Legacy PLC systems typically reference each one of the I/O channels by labels such as “I:1/3” (or equivalent ) indicating the actual location of the input channel terminal on the PLC unit.
The IEC 61131-3 programming standard refers to this channel-based addressing of I/O data points as direct addressing. A synonym for direct addressing is absolute addressing.
Addressing I/O bits directly by their card, slot, and/or terminal labels may seem simple and elegant, but it becomes very cumbersome for large PLC systems and complex programs.
Every time a technician or programmer views the program, they must “translate” each of these I/O labels to some real-world device (e.g. “Input I:1/3 is actually the Start push-button for the middle tank mixer motor”) in order to understand the function of that bit.
A later eﬀort to enhance the clarity of PLC programming was the concept of addressing variables in a PLC’s memory by arbitrary names rather than ﬁxed codes.
The IEC 61131-3 programming standard refers to this as symbolic addressing in contrast to “direct” (channel-based) addressing, allowing programmers arbitrarily name I/O channels in ways that are meaningful to the system as a whole.
To use our simple motor “Start” switch example, it is now possible for the programmer to designate input I:1/3 (an example of a direct address) as “Motor start switch” (an example of a symbolic address) within the program, thus greatly enhancing the readability of the PLC program.

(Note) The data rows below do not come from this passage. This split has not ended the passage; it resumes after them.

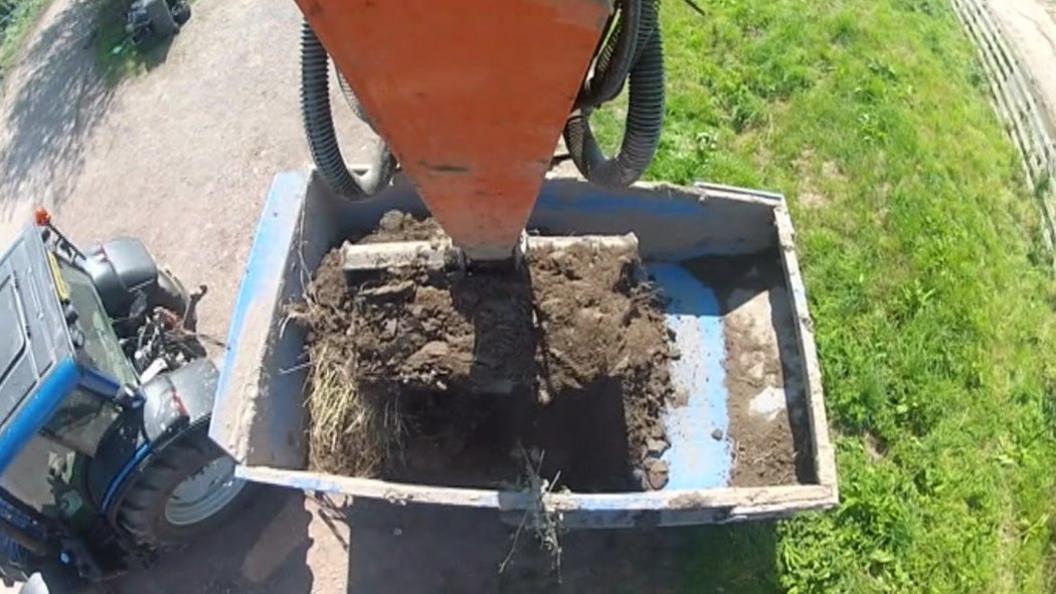 River silt being put in to the back of a lorry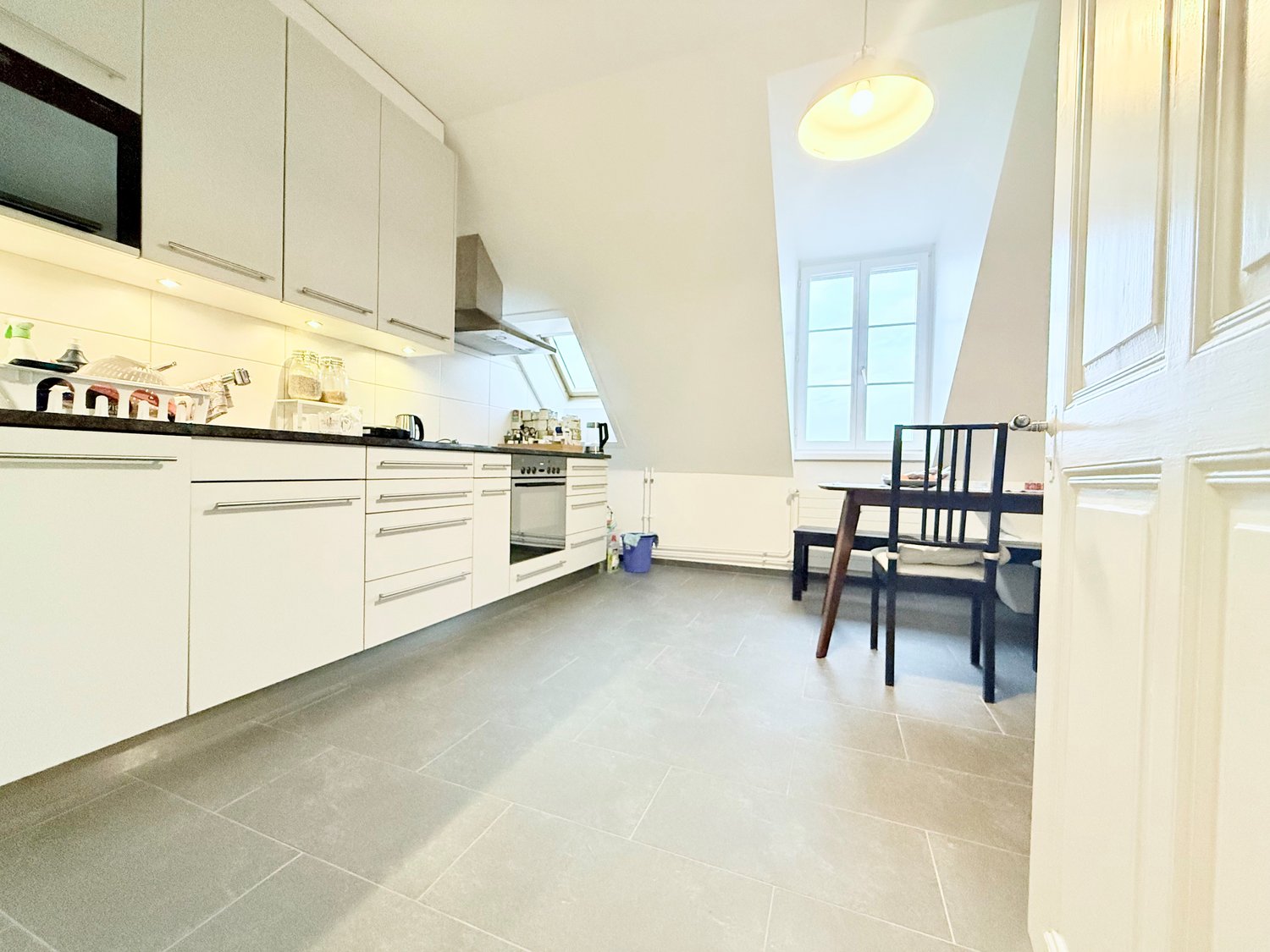 modern kitchen, white cabinets, black countertops, appliances, ceiling lamp, dining table, chairs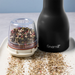 FinaMill Pepper Pod filled with mixed peppercorns beside a FinaMill mill and fresh cracked pepper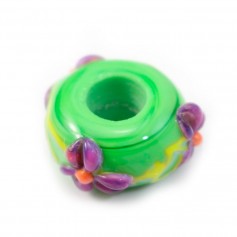 Green glass bead with purple, yellow & orange floral design in relief 15.6mm x 1pc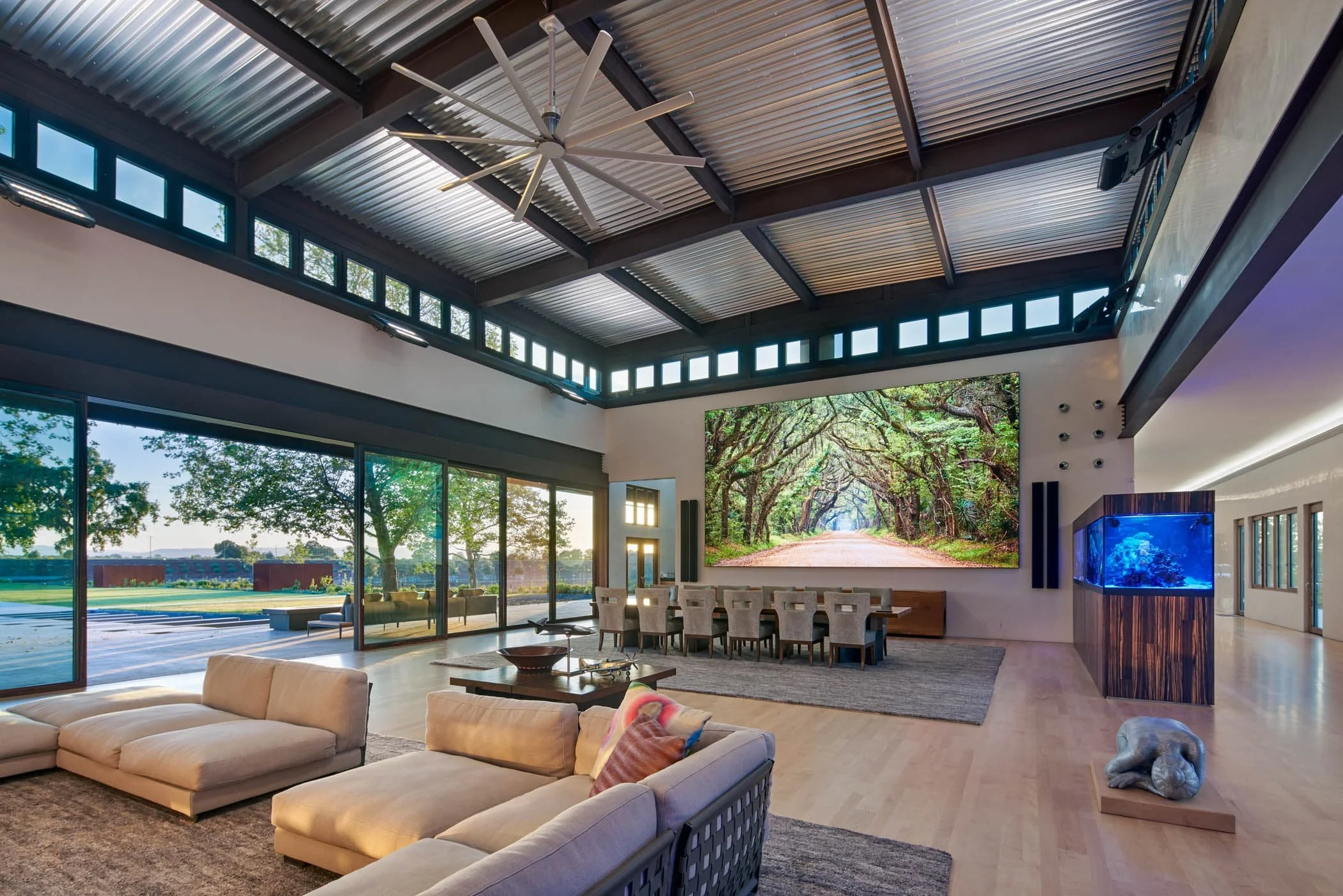 In the great room, the side wall supports the largest residential video screen ever installed at the time. Two giant saltwater fish tanks frame the entry, separating the hallway from the great room.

Initial implementations of this concept maintained direct addresses for I/O data points, with symbolic names appearing as supplements to the absolute addresses.
The modern trend in PLC addressing is to avoid the use of direct addresses such as I:1/3 altogether, so they do not appear anywhere in the programming code.

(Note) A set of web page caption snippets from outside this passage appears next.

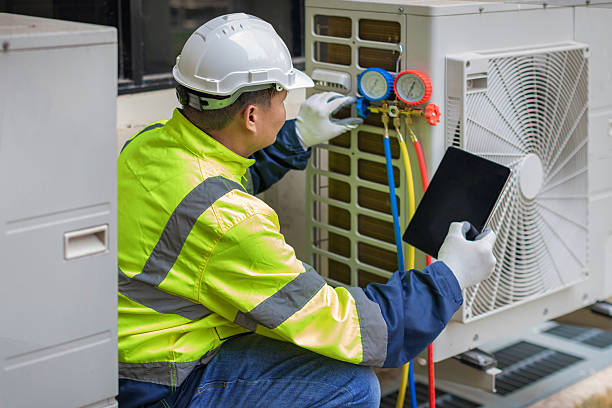 Professional Air Conditioning Repair technician working in Newark, IL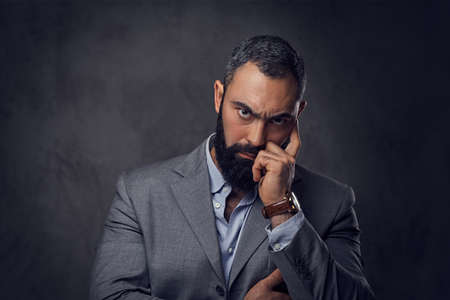 Studio portrait of serious, bearded male dressed in a suit.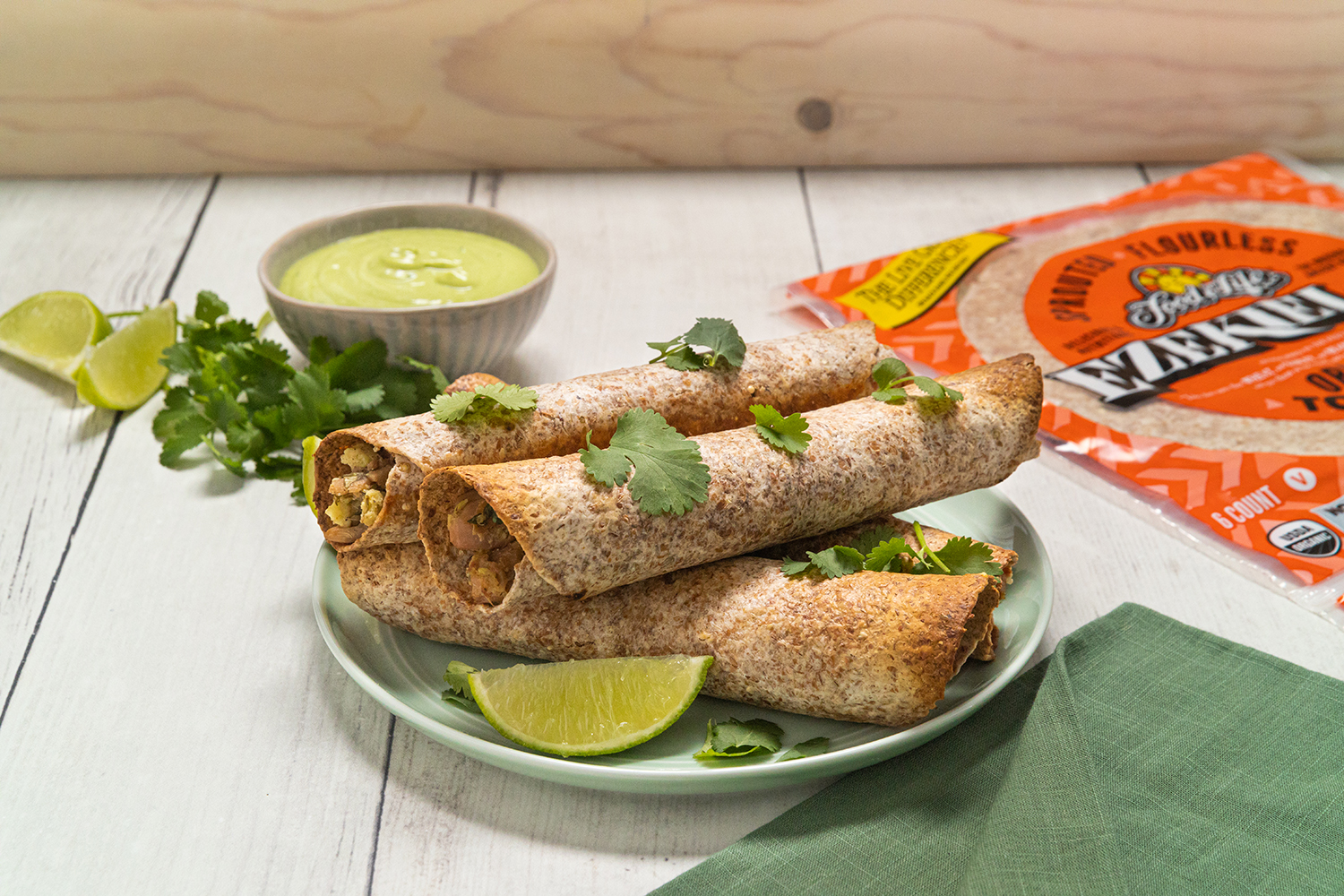 Baked Jackfruit Avocado Taquitos a plate of vegan taquitos and a package of tortillas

The Allen-Bradley “Logix” series of programmable logic controllers is the most prominent example of this new convention at the time of this writing.
Each I/O point, regardless of type or physical location, is assigned a tag name which is meaningful in a real-world sense, and these tag names (or symbols as they are alternatively called) are referenced to absolute I/O channel locations by a database ﬁle.
An important requirement of tag names is that they contain no space characters between words (e.g. instead of “Motor start switch”, a tag name should use hyphens or underscore marks as spacing characters: “Motor start switch”), since spaces are generally assumed by computer programming languages to be delimiters (separators between diﬀerent variables).
Having introduced Allen-Bradley’s addressing notation for SLC 500 model PLCs, I will now abandon it in favor of the modern convention of symbolic addressing throughout the rest of the articles, so as to avoid making the programming examples brand- or model-speciﬁc. Each data point within my PLC programs will bear its own tag name rather than a direct (channel-based) address label.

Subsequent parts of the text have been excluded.